Is there anything useful like this that one can say if a polynomial vanishes modulo $n$? For example, let $n=p_1 \cdots p_k$, where $p_1<\dots<p_k$ are different primes. (For me, this could be the list of all primes less than some number $x$ for example.) It is clear that if $q(t)$ vanishes modulo $n$, then $$q(t) \in J_{p_1} \cap \cdots \cap J_{p_k} = J_{p_1} \cdots J_{p_k}.$$ Examples are $q(t)=t\prod_{i=1}^k (t^{p_i-1}-1)$ or $q(t)=p_1 \cdots p_l$ or anything in the ideal generated by polynomials divisible for each $1 \leq i \leq k$ by either $p_i$ or $t^{p_i}-t$.

Question:Is it true that again either the degree must necessarily be large or some coefficient (or let's say that sum of absolute values of coefficients) must be large? Here, large could mean for example comparable with $\sum_{i} p_i$ or $n$.

It is easy to see that any polynomial $q(t) \in \mathbb Z[t]$ that vanishes modulo $n$ is such that $q(t)/n$ maps $\mathbb Z$ to $\mathbb Z$, and hence $$q(t) = \sum_{i} n a_i \binom{t}{i},$$ for some $a_i \in \mathbb Z$ - but I do not see how this helps.
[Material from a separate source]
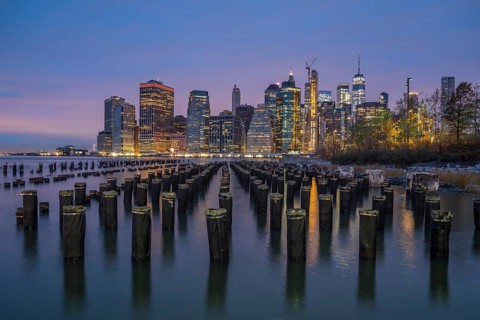 Illuminated Skyline of Lower Manhattan and River with Piers at Twilight. New York City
I also tried to apply Chebotarev density theorem (which together with the error analysis of Lagarias-Odlyzko gives a way to produce small primes modulo which a polynomial has to have a root), but the estimates are too coarse and do not seem to make efficient use of the assumptions on the polynomial.

**EDIT:** Motivated by a discussion with David Speyer below, let me formulate a more precise question:

Question:Let $f \in \mathbb Z[t]$ be a monic polynomial of degree $d$ that vanishes modulo all primes $\leq P$. Is it true that $d \log \|f\|_{\infty}$ cannot be much smaller than $P^2$?

Here, $\|f\|_{\infty}$ denotes the maximum of the absolute value of the coefficients of $f$.